- [RECORDS FOR THIS TASK]:
# # # #

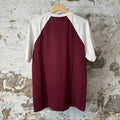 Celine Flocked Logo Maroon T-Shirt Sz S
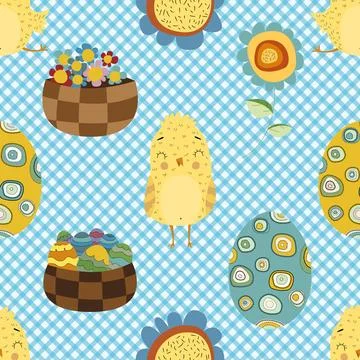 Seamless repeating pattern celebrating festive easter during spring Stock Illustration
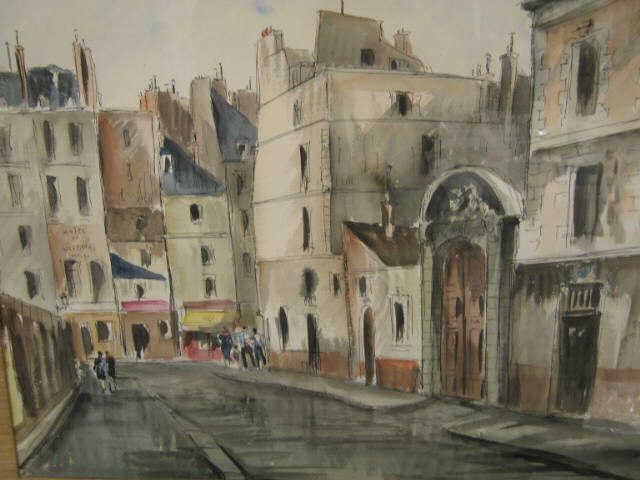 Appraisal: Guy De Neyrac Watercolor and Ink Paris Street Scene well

# # # #

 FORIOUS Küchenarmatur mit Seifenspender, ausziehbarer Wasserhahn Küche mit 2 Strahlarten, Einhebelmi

# # # #

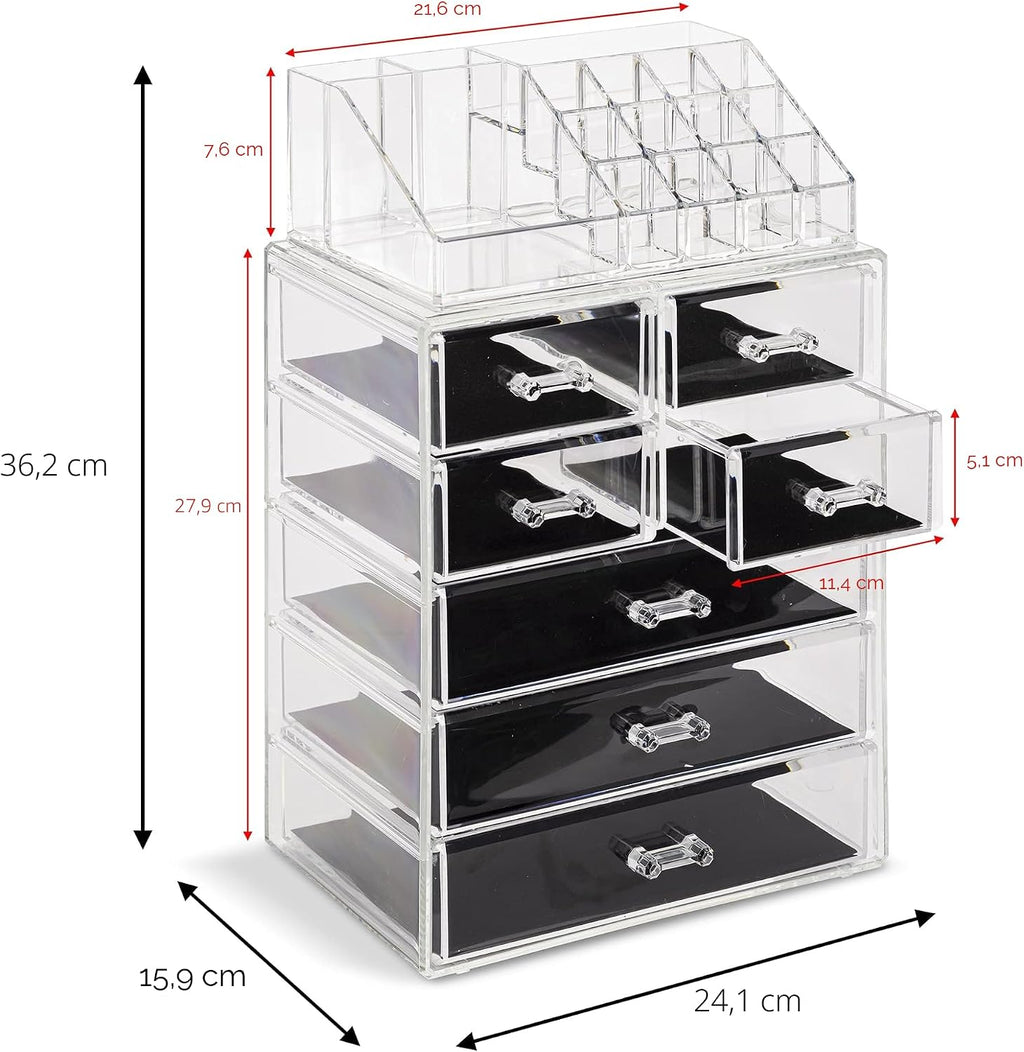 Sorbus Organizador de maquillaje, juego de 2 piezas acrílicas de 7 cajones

# # # #

- [EXERCISE INSTRUCTIONS]:
Your answer should be the exact lines above from the one containing "Celine Flocked Logo Maroon T-Shirt Sz S" through the one containing "Appraisal: Guy De", with both end lines kept and the pictures removed, please.

- [FINISHED EXERCISE]:
 Celine Flocked Logo Maroon T-Shirt Sz S
 Seamless repeating pattern celebrating festive easter during spring Stock Illustration
 Appraisal: Guy De Neyrac Watercolor and Ink Paris Street Scene well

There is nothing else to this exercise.